The RPS is a silent little killer of the American economy. “Silent” because, despite widespread activity, its presence is nearly unknown. It is not dramatic or sexy—seeming hardly newsworthy. With little attention, 29 states have enacted an RPS and 7 more have agreed to voluntary goals (see here for more).
The RPS is a legislated mandate requiring a certain percentage of a state’s electricity “portfolio” come from renewable energy (typically referring to wind and solar) by predetermined dates. Most states’ standards are 15% by 2015, and 20% by 2020. Maine is the most aggressive with a goal of 40% by 2017. In his State of the Union Address, President Obama announced that he’d like to see 80% clean energy by 2035.
Renewable energy is known to be more expensive for the consumer than electricity generated from traditional sources—even with subsidies of about $24 per megawatt hour (based on data from the Energy Information Administration). During a hearing for the New Mexico state-wide cap and trade program in which I participated, the supporting attorney stated, “The reason for Renewable Portfolio Standards (RPS) is because renewables are more expensive. No one would choose them if it wasn’t required.”
Regardless of high cost and intermittent availability, renewable energy is touted as the savior. Environmental groups lobby legislators to push for mandates—or higher mandates when the states have already voted in the RPS. But, from what is renewable energy “saving” us?
Two Falsehoods: Oil Security and Climate Alarmism
The need for renewables is based on two falsehoods.
The first is that “we need to get off of oil”—as a woman boldly stated at a dinner party once she found out what I do. Well, very little electricity–something like one percent–comes from oil. Oil is a transportation issue, not a wind or solar power issue.
Second, U.S. dependence on oil from regimes that hate America is not a reason to stop using oil but to 1) produce more domestically and 2) move toward freedom, democracy, and capitalism.
Regarding the first point, we have plenty of oil here; there is no shortage. Access shortage, yes. Oil shortage, no. (Plus, electricity does not generally come from oil.)
Regarding the second point, recent developments in the Middle East are encouraging and might eventually lead to the ultimate reform for energy sustainability: subsoil privatization.
The second falsehood lie is that we must use “clean” energy—meaning that which does not produce CO2. This premise is based on the theory that CO2 causes global warming, global warming is human-caused, and stopping CO2 emissions will save the planet.
Federal Issue Too
The RPS is not just a state issue.
Based on these fallacies the federal government is also attempting to mandate more expensive energy. Senator Bingaman, Chairman of the Senate Energy and Natural Resources Committee, has repeatedly advocated a national RPS of 15% called a Renewable Electricity Standard. (All of this, while support for climate change legislation and/or regulation is waning.
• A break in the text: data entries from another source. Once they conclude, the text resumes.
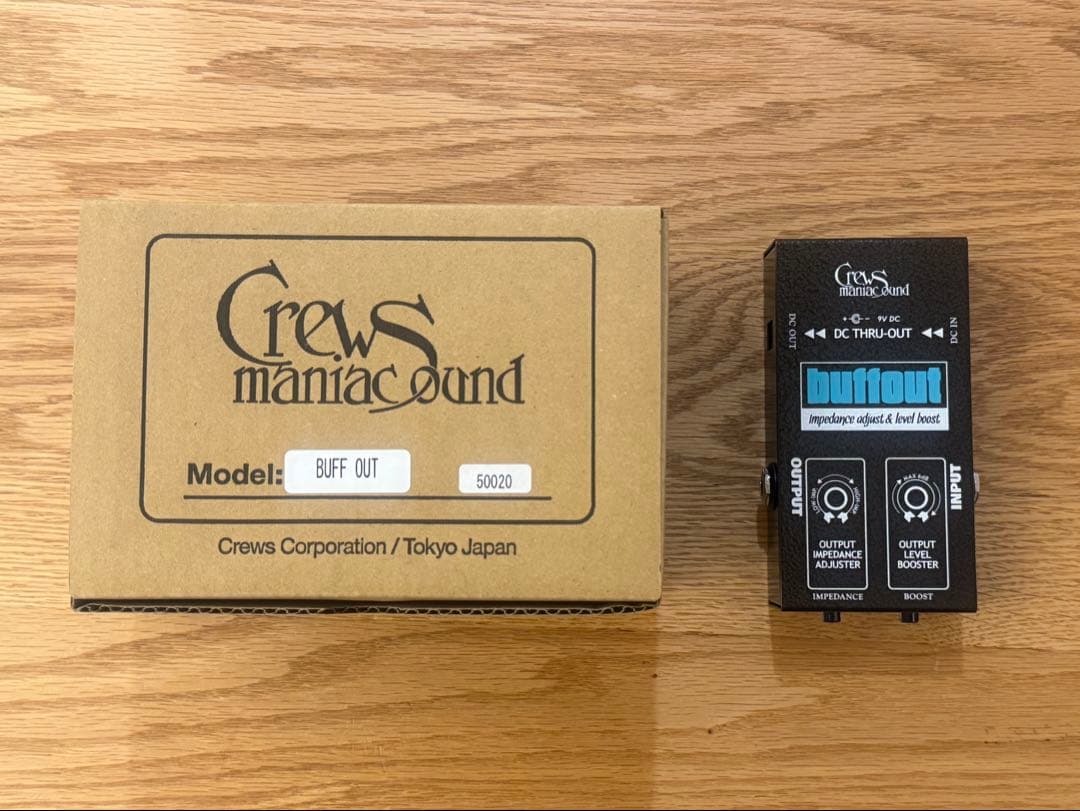 Crews Maniac Sound buff out バッファー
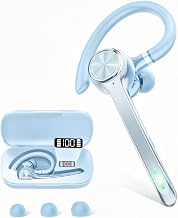 HEIBAS Bluetooth Headset, Wireless Earpiece with Mic for Work Light Blue - Image 1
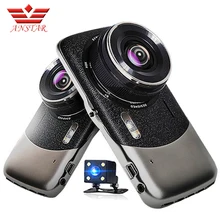 Anstar 4 дюймов Автомобильный видеорегистратор Регистраторы dashcam двойной Len Камера FHD 1080 P Blackbox регистраторы Авто-камеры Авто видеокамеры
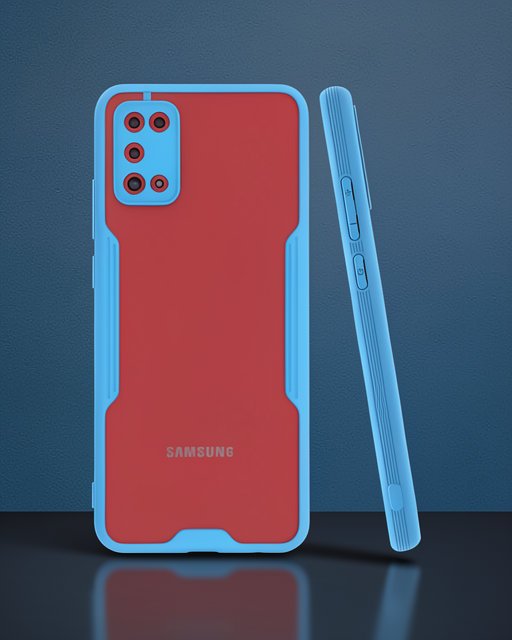 Samsung Galaxy A02s Kılıf Platin Silikon - Mavi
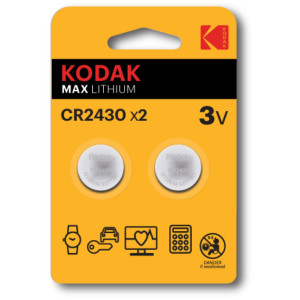 KODAK Max Lithium CR2430 / 3V / BP2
Many states have bills that will reverse, reduce or modify their RPS. Promise of a potential RPS repeal was part of Ohio Governor Kasich’s successful campaign. New Hampshire should be the first state to pull out of their participation in the Regional Greenhouse Gas Initiative.)
Regardless of whether state or federal, a new study reveals that these mandated renewable energy requirements will deliver a “devastating blow” to the economy. The American Traditions Institute has analyzed the potential for a national standard at various percentages and the existing RPS from several states. Though the exact numbers differ, the results were the same. Energy prices will increase for both individual citizens and industry. Jobs will be lost and household expenses will climb.
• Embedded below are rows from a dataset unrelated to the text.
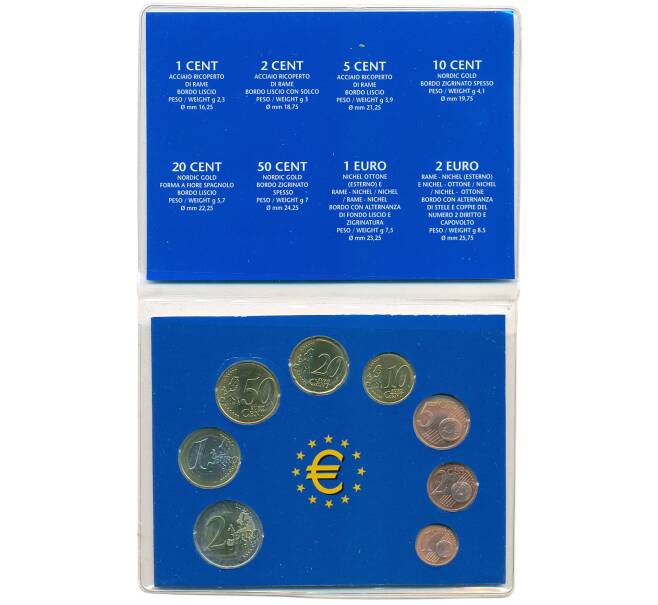Годовой набор из 8 евромонет 2014 года Литва (Артикул M3-1279)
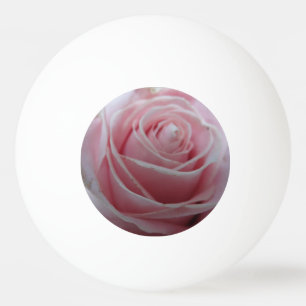 Balle De Ping Pong Fleur Rose mignonne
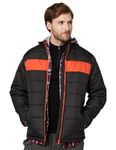 Amazon Brand - Symbol Men's Quilted Jacket (AW19-HSJ-06_Black 2_XL)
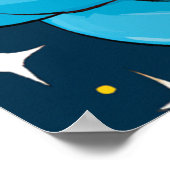 Dog Unicorn Space Poster - Whimsical Galaxy Animal (Ecke)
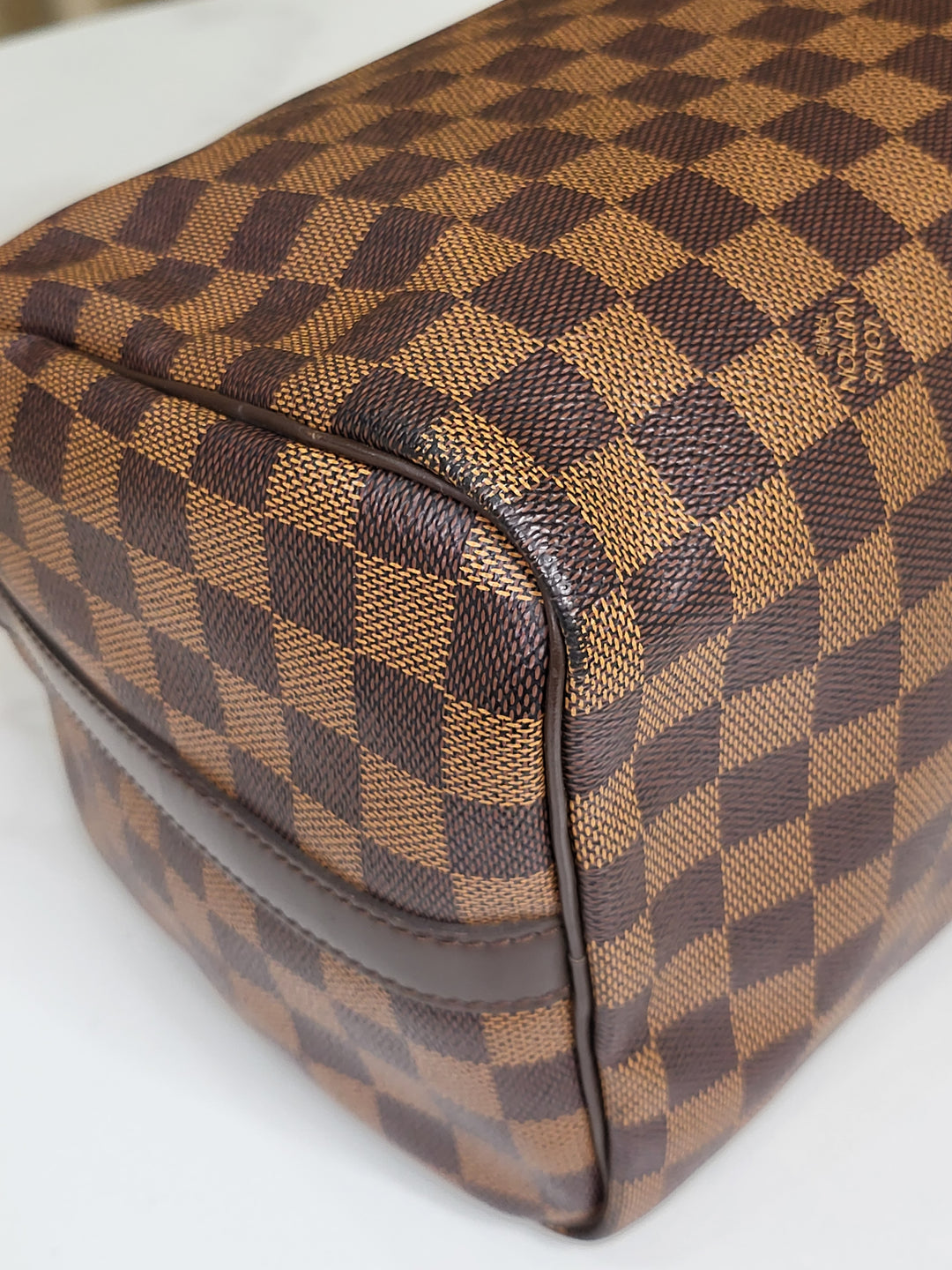 Louis Vuitton Damier Ebene Speedy 30 Bandouliere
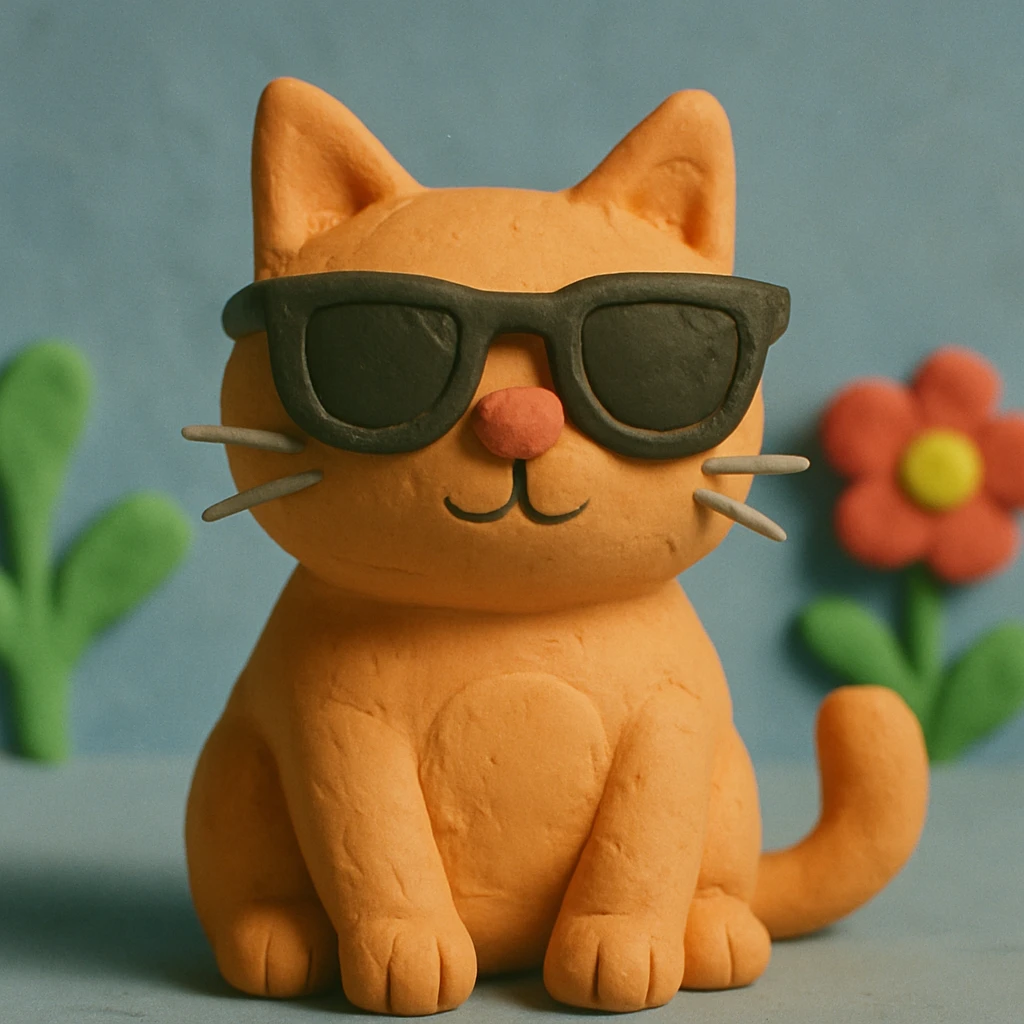 cat wearing sunglasses emoji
At a time when cities and states are facing record budget shortfalls, the RPS will also inflate their costs. A “2010 Report Card on Renewable Portfolio Standards by State,” done by solar power advocates, reveals that the cents per kilowatt-hour are generally higher with states with an RPS—and this is before they meet goals as high as 40% renewable energy. Local governments pay for the lights, heating and cooling, elevators, and computers in government buildings.
Energy use and America’s Economy go hand-in-hand—meaning any effort to reduce energy availability or increase costs serves to kill a recovery that is barely clinging to life.
Renewable energy is not a per se bad. Off-grid solar, for example, has a niche in the marketplace (off-grid wind does not have this niche, except down on the farm for simple uses). But mandates that unnecessary raise energy costs and compromise reliability (wind and solar are intermittent, not firm or dispatchable resources, is an anti-energy and anti-industrial policy that negatively pressures the American economy at a most inopportune time. This silent killer needs to be exposed.